* What to produce
Set out exactly every line of the entries below, starting at the line that holds "Casa de campo" and stopping after the line that holds "Sidemerseylivings - Central, Bright, And".

* Material supplied
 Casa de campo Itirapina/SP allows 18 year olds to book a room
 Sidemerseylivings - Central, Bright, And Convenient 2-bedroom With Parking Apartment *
...
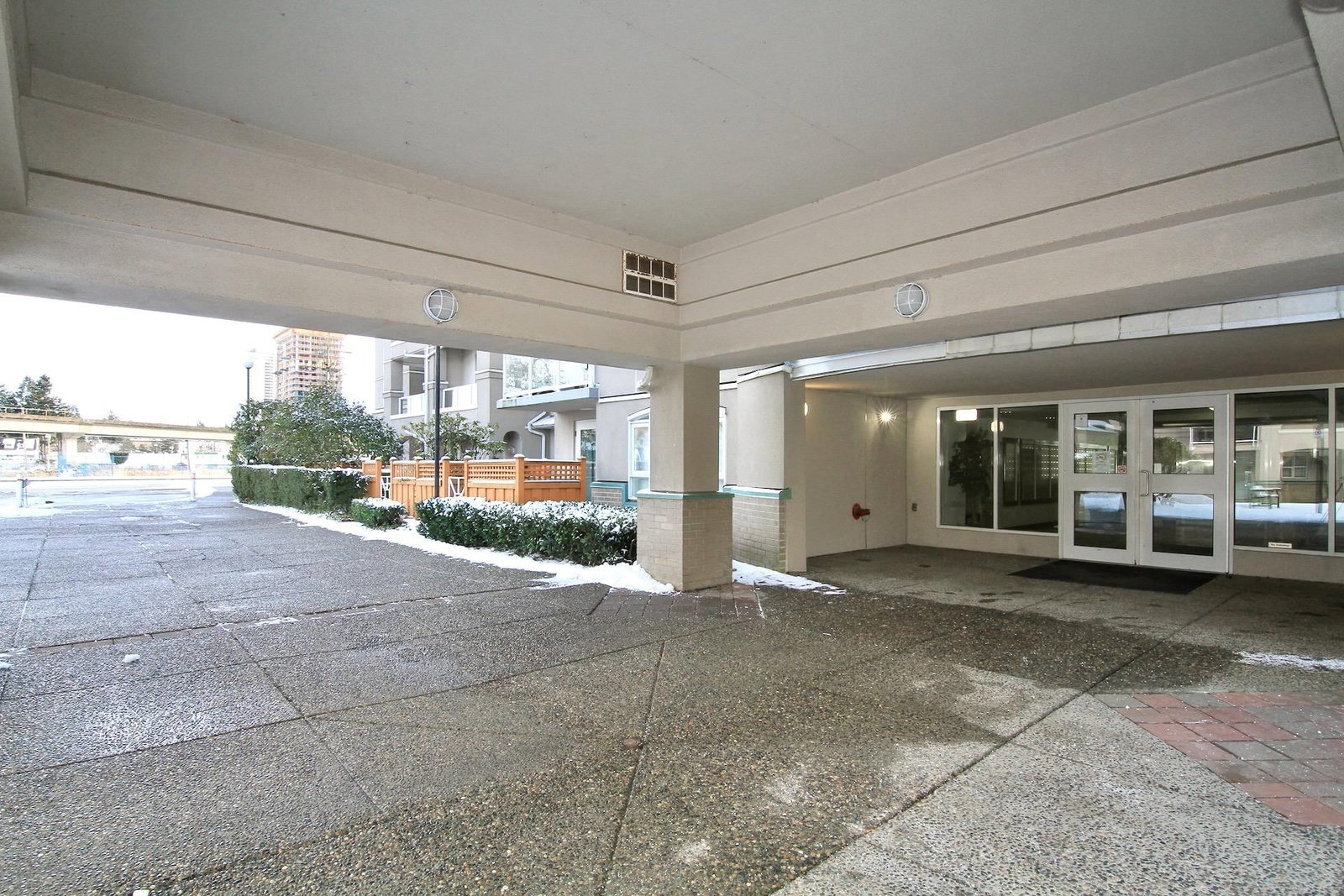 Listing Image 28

* Output
 Casa de campo Itirapina/SP allows 18 year olds to book a room
 Sidemerseylivings - Central, Bright, And Convenient 2-bedroom With Parking Apartment *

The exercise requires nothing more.